市でも健診時などに情報共有されているのですが、たとえば支援制度など本当なら今からでも利用できるのに、情報を得るのが先になってしまうと、利用開始が遅くなったり期間が減ったりしてしまうんですよね。
尼崎ふたごLINEで活動していると、情報格差というのでしょうか。そういう問題を感じます。
- ご自身も2歳の双子を育てている渦中でしんどい時期に、応援する側にまわられたんですね。
佐藤さん:確かに、その時もしんどかったんですけど。一番大変でしんどかったのは、1歳前後の頃だったから。

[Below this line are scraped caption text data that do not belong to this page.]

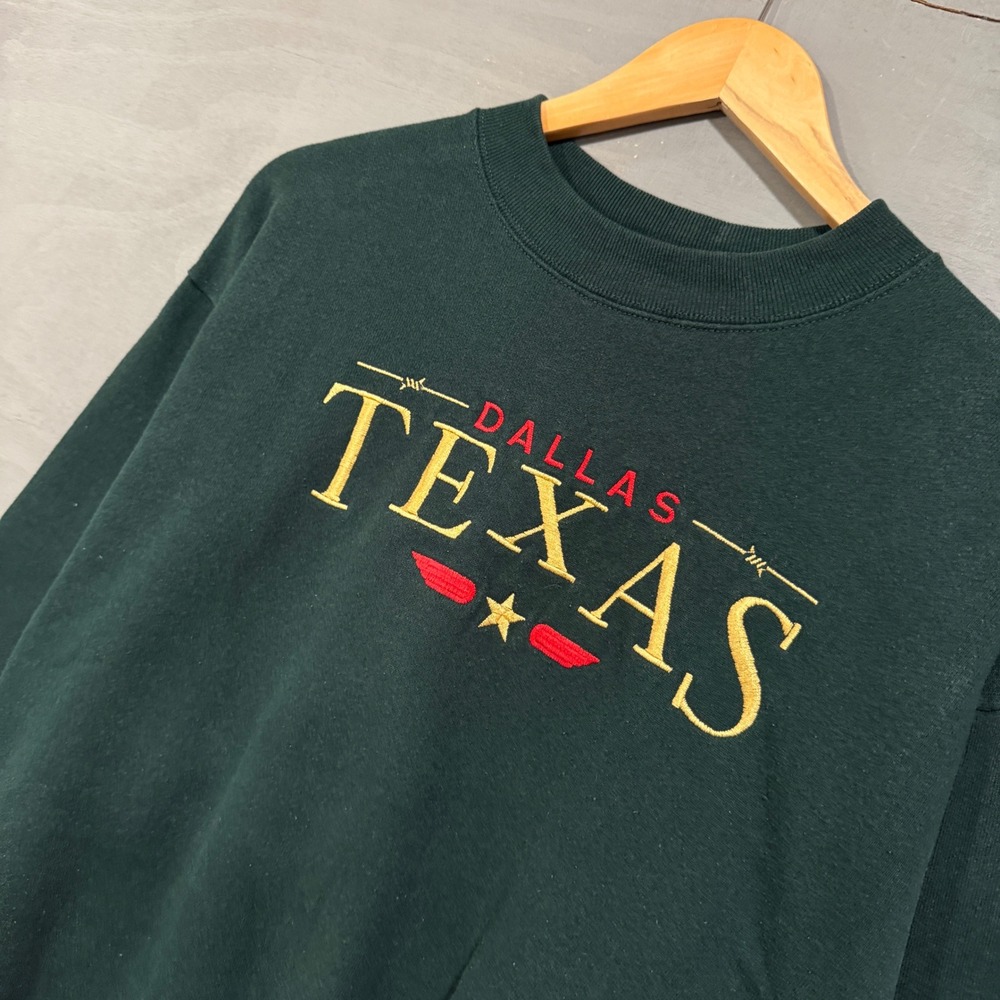 Vintage Crewneck Sweatshirt Green Dallas Texas Embroidered Large - Picture 2 of 7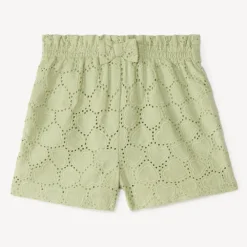Short uni en broderie anglaise et nœud fantaisie pour bébé fille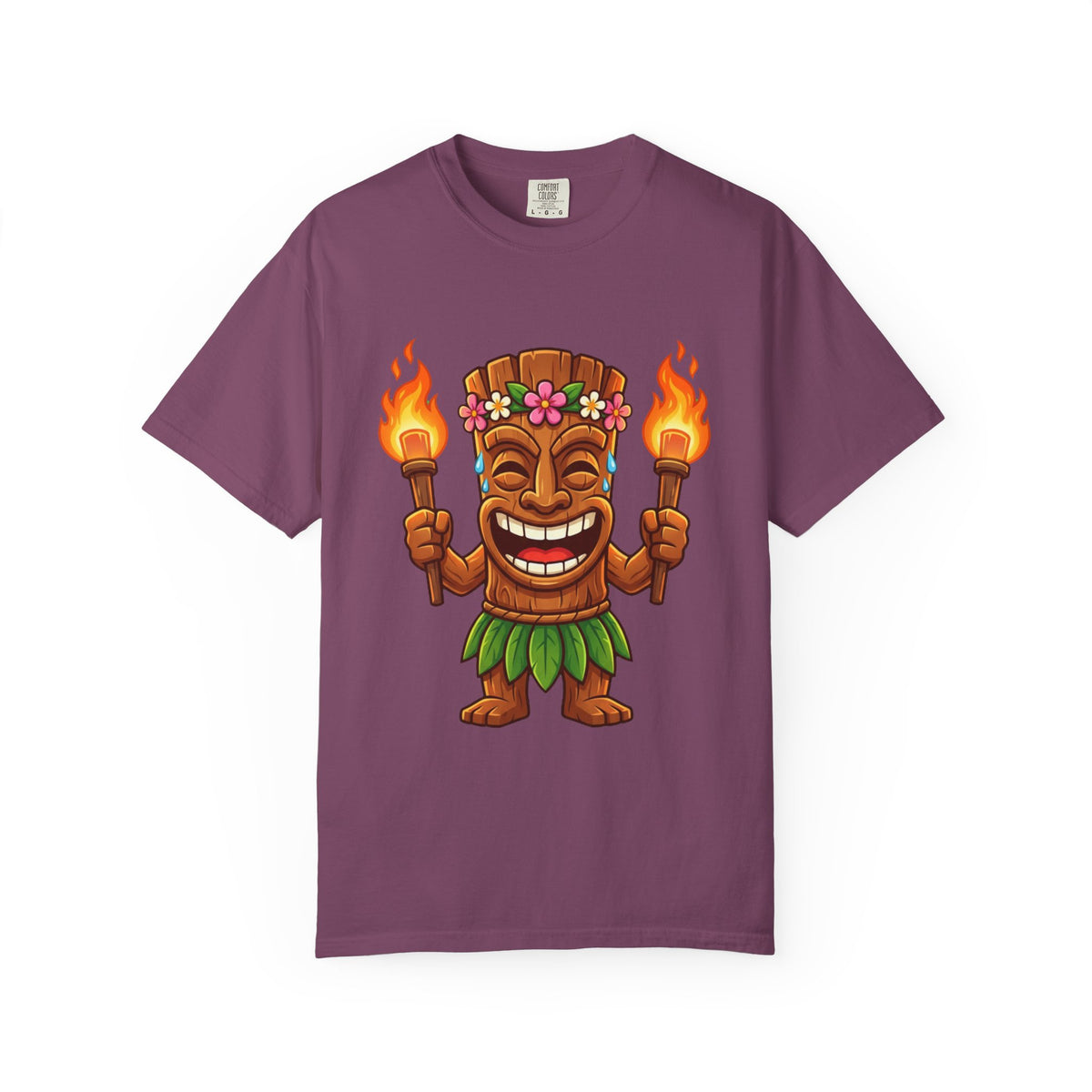 Tiki Man Hawaiian Luau Tropical Cartoon Graphic T-Shirt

今、この時にも、あの時の自分と同じような状況の人がいると思うと、居ても立ってもいられないじゃないけれど…
- つながりができるかどうかで、その人の、その後の人生が変わってきますもんね。
佐藤さん:ほんのちょっとのことだと思うんですけど、何かが変わってくるんですよね。
- 誰ともつながっていないと感じていた時は何がしんどかったんでしょうか?
佐藤さん:わかってもらえない、わかってくれる人がいないという感じでしょうか。もちろん、夫も協力的でしたし、大変さもわかってくれていたので、まわりが全然理解してくれない、外にも出られない、誰ともつながっていない人よりは恵まれたほうだったと思うんですけど。そう思うからこそ、そういう状況にいる双子のママのことを考えると、何かできないかなと思うんです。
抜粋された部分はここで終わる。